The hardware configuration of the present embodiment can be supported the unified multiple programming method of GPDSP structure, the unified multiple programming implementation method of the present embodiment is on the OpenMP of standard multiple programming method basis, by expanding some DSP compilings, instruct statement, the unified multiple programming of realization and vectorization automatic paralleling to multithreading in CPU+DSP heterogeneous multi-nucleus processor, by compiling, instruct statement to describe the Thread-Level Parallelism of 11 of CPU cores, the task level that multi-DSP core is 21 is parallel, Thread-Level Parallelism between CPU core 11 and DSP core 21 with synchronize, and identify respectively the code of CPU core 11 and DSP core 21, in unified compiler framework, call respectively CPU and DSP compiler compiles different Accounting Legend Codes, and the unified executable code that is linked as single-chip, realize the unified multiple programming of the automatic paralleling and vectorization of multithreading.The detailed step of the unified multiple programming method of the general-purpose computations digital signal processor that as shown in Figure 5, the present embodiment is supported is as follows:
1) programmer uses standard program language and grammer (as standard C/C++ grammer) to write application program, before the statement block that requires CPU vouching unit multi-threaded parallel to carry out, inserts OpenMP compiling simultaneously and instructs statement, inserts DSP compiling before requiring DSP vouching unit to carry out the statement block calculating and instruct statement;
2) when compiling application program, OpenMP compiling instructs statement to instruct CPU compiler to realize multithreading automatically parallelizing, and DSP compiling instructs statement to instruct DSP compiler to realize the vector code compiling of DSP core end;
3) CPU end compiler instrument is unified compiling and link to the object code of the object code of CPU end and DSP end, and final output can be used for the executable code that general-purpose computations digital signal processor is carried out.
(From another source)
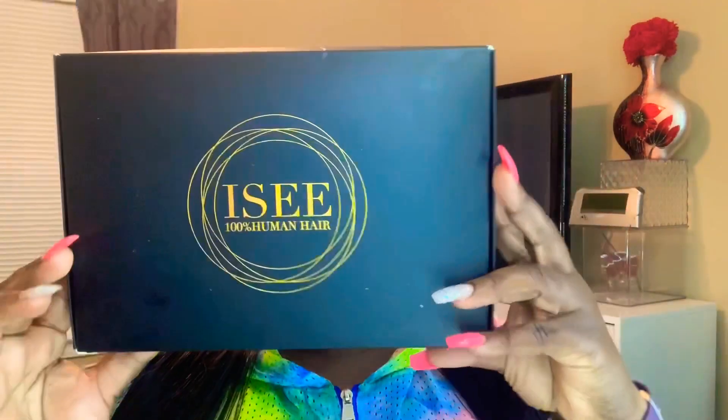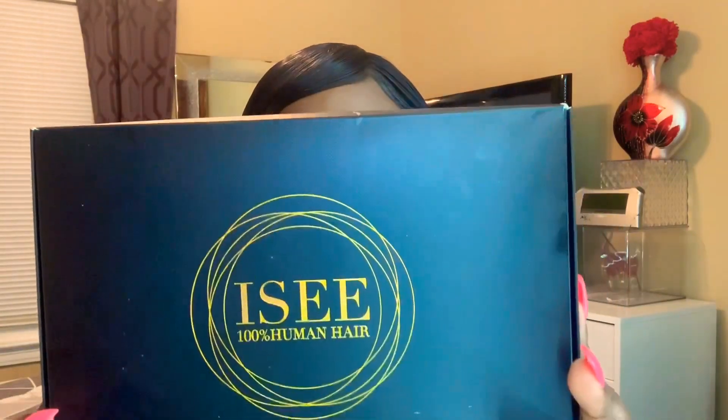Hey, this is your girl k33na23. I'm coming at you guys with a quick video on this wig that I ordered from Amazon Prime. I received this wig within three days. It came from I See Hair. This is a 20-inch lace front wig — it came as a lace front wig, already made. It's a 20-inch straight wig.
Therefore, that according to the general science of difference, calculates need to carry out above-mentioned steps 1)~3) unify multiple programming and can obtain corresponding executable code, executable code can directly be used general-purpose computations digital signal processor to carry out, thereby can utilize CPU vouching unit 1 and DSP vouching unit 2 in the present embodiment general-purpose computations digital signal processor, on the basis of advantage that keeps DSP embedded essential characteristic and high-performance low-power-consumption, support efficiently general science to calculate.The unified multiple programming method of the present embodiment support instructs statement to describe the internuclear Thread-Level Parallelism of CPU by compiling, task level between multi-DSP core is parallel, Thread-Level Parallelism between CPU core and DSP core with synchronize, and identify respectively the code of CPU core and DSP core, in unified compiler framework, call respectively CPU and DSP compiler compiles different Accounting Legend Codes, and the unified executable code that is linked as single-chip, realize the unified multiple programming of the automatic paralleling and vectorization of multithreading in GPDSP, be conducive to strengthen advanced language programming particularly to multinuclear, the development efficiency of the simultaneous resources such as vector operation array, there is versatility and ease for use good, the advantage of applied range.
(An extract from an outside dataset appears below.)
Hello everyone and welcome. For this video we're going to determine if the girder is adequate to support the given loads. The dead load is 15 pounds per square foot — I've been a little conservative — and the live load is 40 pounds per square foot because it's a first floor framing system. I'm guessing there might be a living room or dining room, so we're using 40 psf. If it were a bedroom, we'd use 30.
The above is only the preferred embodiment of the present invention, and protection scope of the present invention is also not only confined to above-described embodiment, and all technical schemes belonging under thinking of the present invention all belong to protection scope of the present invention.It should be pointed out that for those skilled in the art, some improvements and modifications without departing from the principles of the present invention, these improvements and modifications also should be considered as protection scope of the present invention.

Claims (3)

1. a general-purpose computations digital signal processor, is characterized in that comprising:
CPU vouching unit (1), comprise at least one CPU core (11), described CPU core (11) comprises the generic transaction management of storage administration, document control, process scheduling, interrupt management task and the complete support to the general-purpose operating system is provided for being responsible for;
DSP vouching unit (2), comprises at least one for the DSP core (21) to 64 bit arithmetics and the support of operating system micro-kernel is provided;
Multi-level interconnection structure (3), be used for connecting CPU core (11) and DSP core (21), for being provided for task scheduling, startup stops and the quick fine granularity of synchronous operation is communicated by letter and realized coarsegrain by high speed DMA mode data communication between CPU core (11) and DSP core (21);
In sheet, share storage array (4), be used to CPU core (11) and DSP core (21) to provide high bandwidth for number support, and the atomic operation that provides the hardware in comprising data failure and being updated in directly to support is supported cache coherence operation;
Sheet external memory interface (5), is used to CPU core (11) and DSP core (21) to realize the expansion of sheet external memory;
The first high speed IO interface (6), for realizing the external data exchange of CPU core (11);
The second high speed IO interface (7), for realizing the external data exchange of DSP core (21);
Direct-connected interface (8) between sheet, direct-connected for supporting between the sheet between general-purpose computations digital signal processor;
Internuclear synchronous device (9), for providing the internuclear hardware synchronization mechanism of DSP to support the synchronous operation between multinuclear; Certain DSP core (21) waits for by internuclear synchronous device (9) the DSP core (21) that other need to this core new data, this DSP core (21) produces new data and writes back to shared storage array (4) in sheet by data write-back mechanism, this DSP core (21) makes the DSP core (21) that other need to this core new data continue operation by internuclear synchronous device (9), and the DSP core (21) that other need to this core new data cancels by data, and mechanism guarantees not have old data and shared storage array (4), read new data in sheet;
Described CPU core (11) is connected with DSP core (21) by multi-level interconnection structure (3) respectively, described CPU core (11), DSP core (21) are connected with shared storage array (4) in sheet respectively, in described, sharing storage array (4) is connected with sheet external memory interface (5), described CPU core (11) is connected with the first high speed IO interface (6), described DSP core (21) respectively with the second high speed IO interface (7), sheet between direct-connected interface (8) be connected, described internuclear synchronous device (9) is connected with each DSP core (21) respectively.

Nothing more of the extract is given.